EX-99.2 3 brhc10050551_ex99-2.htm EXHIBIT 2

EXHIBIT 2

March 29, 2023

Special Committee of the Board of Directors
Willis Lease Finance Corporation
4700 Lyons Technology Parkway
Coconut Creek, FL 33073
 
Dear Members of the Special Committee:

As you know, CFW Partners, L.P. (“CFW”), Mitsui & Co., Ltd., Fuyo General Lease Co., Ltd., and JA Mitsui Leasing, Ltd. (the “Consortium”) previously submitted a non-binding indication of interest on November 17, 2022 to the Board of Directors of Willis Lease Finance Corporation (the “Company”) to acquire all of the outstanding shares of the Company that are not owned by CFW, Charles F. Willis, IV, Austin Chandler Willis and their respective affiliates (collectively, the “Willis Parties”) at a cash purchase price of $45.00 per share of common stock (the “Offer Price”).

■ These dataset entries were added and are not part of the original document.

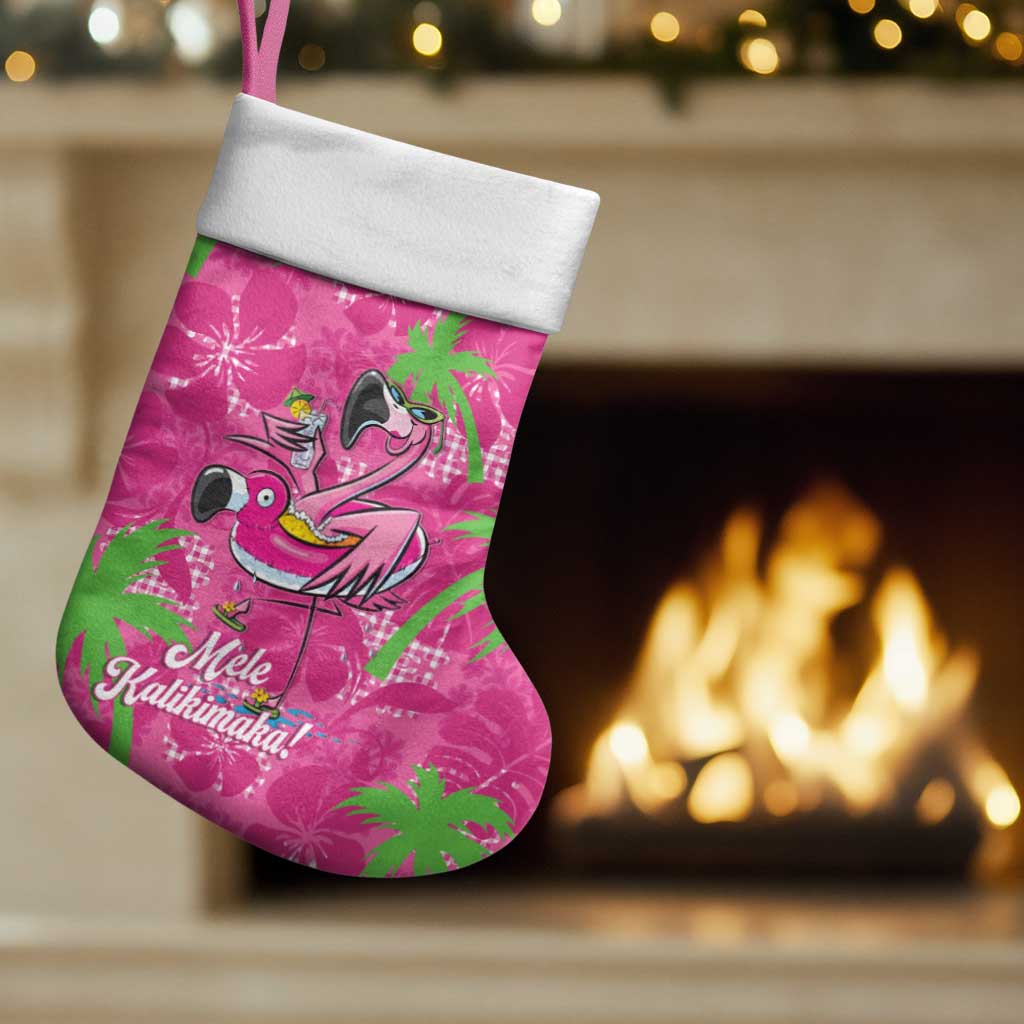 Aloha Hawaii Christmas Stocking Mele Kalikimaka Chill Flamingo Palaka Quilt Motifs - Polynesian Pride
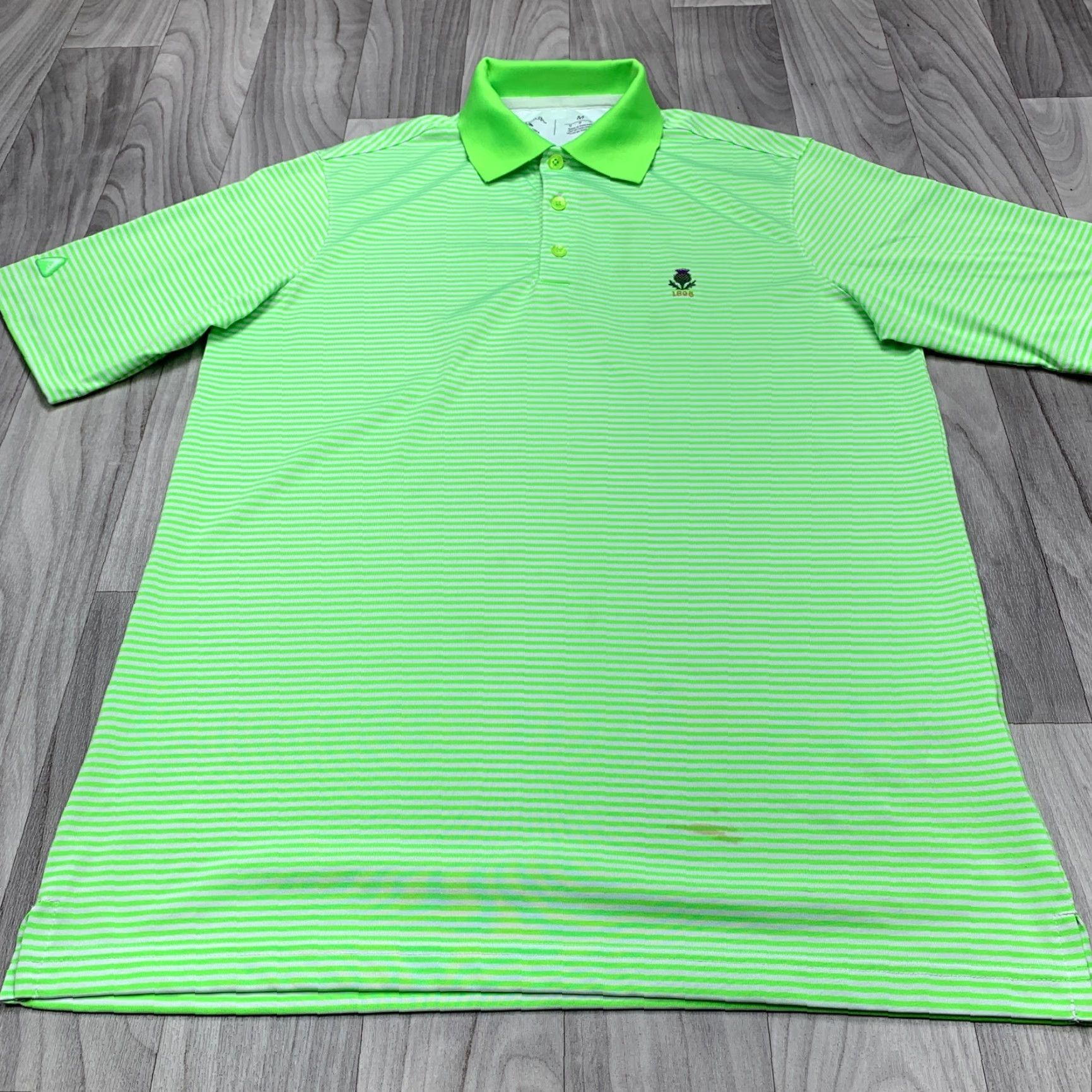 Vintage Antigua Polo Shirt Mens M Striped Neon Green Short Sleeve Button Collar Golf 90s? Size US M / EU 48-50 / 2 - 5 Thumbnail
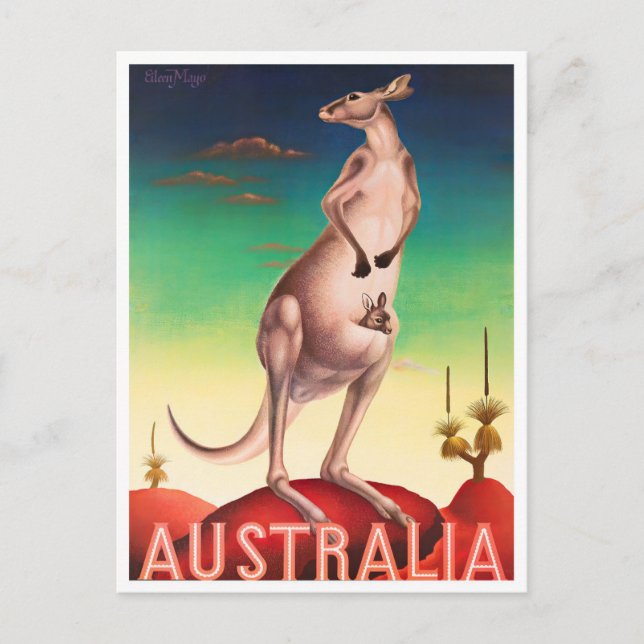 Kangaroo Australien Jahrtausende Postkarte (Vorderseite)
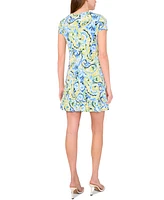 Msk Petite Paisley-Print Short-Sleeve Shift Dress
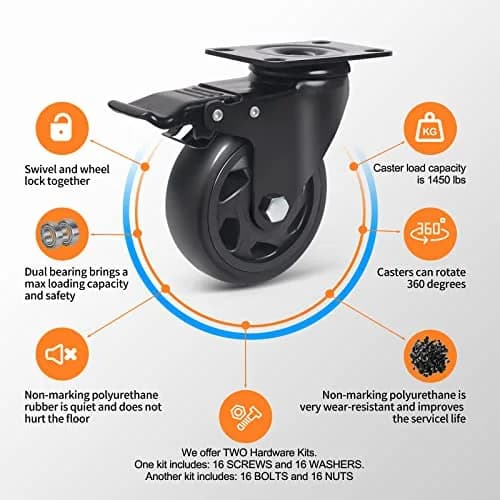 YAEMIKY 4 Inch Heavy Duty Plate Casters 2000lbs | Swivel with Dual Locking for Cart & Furniture thumbnail 5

On March 9, 2023, the Special Committee of the Board of Directors of the Company (the “Special Committee”), responded to our indication of interest with a counterproposal requesting that the Consortium increase its Offer Price to $61.00. In response, the Consortium increased its Offer Price to $47.00 on March 13, 2023. On March 20, 2023, the Special Committee requested that the Consortium further increase its Offer Price to $58.50.

 In an effort to bring this process to an immediate and final conclusion, we are willing to increase our Offer Price one final time to $50.00. We believe this is a full and fair price for the acquisition and have no interest in engaging in further rounds of back and forth negotiations with the Special Committee. Our increased Offer Price provides the Company’s stockholders immediate liquidity at an attractive premium of 16.7% to the unaffected trading price of the Company’s stock prior to the announcement of our initial proposal.

This letter does not constitute a contract, commitment or other binding obligation on the part of any person in any respect. In addition, this letter does not constitute an offer or proposal capable of acceptance and may be withdrawn at any time and in any manner. Any obligation of the Willis Parties with respect to the proposed transaction will be only as set forth in a definitive written agreement executed and delivered by them. We intend to promptly file a Schedule 13D amendment, including a copy of this letter, with the Securities and Exchange Commission.